Theologen als Vreekamp (Veluwe-trilogie) en Dekker (Marginaal en Missionair) vind ik hier behulpzamer. Zij hebben meer oog voor onze natuurlijke weerstand tegen de God van jodendom en christendom en voor het feit dat wij bijna door Hem overmeesterd moeten worden, om daarna pas de diepe schoonheid en waarheid van het geloof te ontdekken. Ook Van de Beek, vanuit een andere invalshoek, benadrukt veel sterker de claim die het geloof op ons leven legt. Meer aandacht voor deze vreemdheid en voor het provocatieve (W.M. Dekker), opeisende element van geloof zou ook meer inzichten in onze menselijke weerstanden tegen dit geloof opleveren, denk ik.

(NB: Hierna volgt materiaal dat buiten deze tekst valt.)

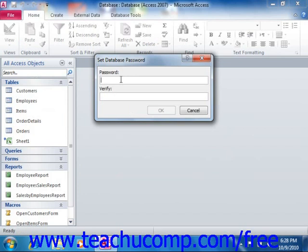Here you can enter your database password into the password text box, and then re-type it into the Verify Password text box. When you're finished, click the OK button.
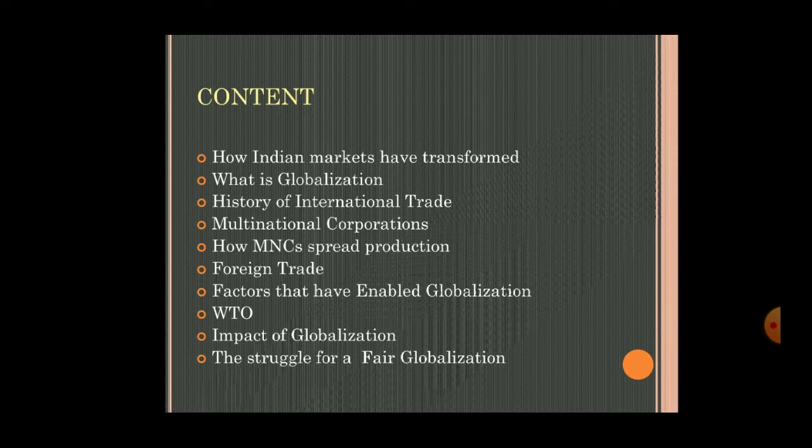Next, how MNCs spread production. This is very common — MNCs, meaning multinational corporations or companies. If more multinational companies come into your country, people will get employment. Employment will increase and people will get a wide variety of choice.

De auteurs maken de lezer overigens wel steeds op creatieve wijze gevoelig voor de contextualiteit van het geloof. Aan het begin van ieder hoofdstuk staan onder het kopje ‘Om erin te komen’ enkele oefeningen en lees- of kijktips waarmee de context van het aan de orde zijnde thema in beeld wordt gebracht. Zeer bruikbaar bij de preekvoorbereiding, in gespreksgroepen of tijdens leerhuisavonden.
Niet om de hete brij heen
Tenslotte wil ik nogmaals mijn waardering uitspreken voor het feit dat de auteurs erin zijn geslaagd het christelijke geloof op overtuigende wijze te beschrijven als een ruimte waarin gedacht en geleefd kan worden. Op de Bijbelkring in mijn gemeente bespraken we het afgelopen seizoen de eerste vijf hoofdstukken van Genesis. Afijn, we kennen de gevoeligheden die op dit punt helaas bestaan. Dan is het prettig om een dogmatiek in de kast te hebben staan die niet om de hete brij heen draait. Dan doe ik dat ook maar niet. En ik hoop velen met mij niet.
Ds. Jasper van Schaik is predikant (PKN) te Woubrugge.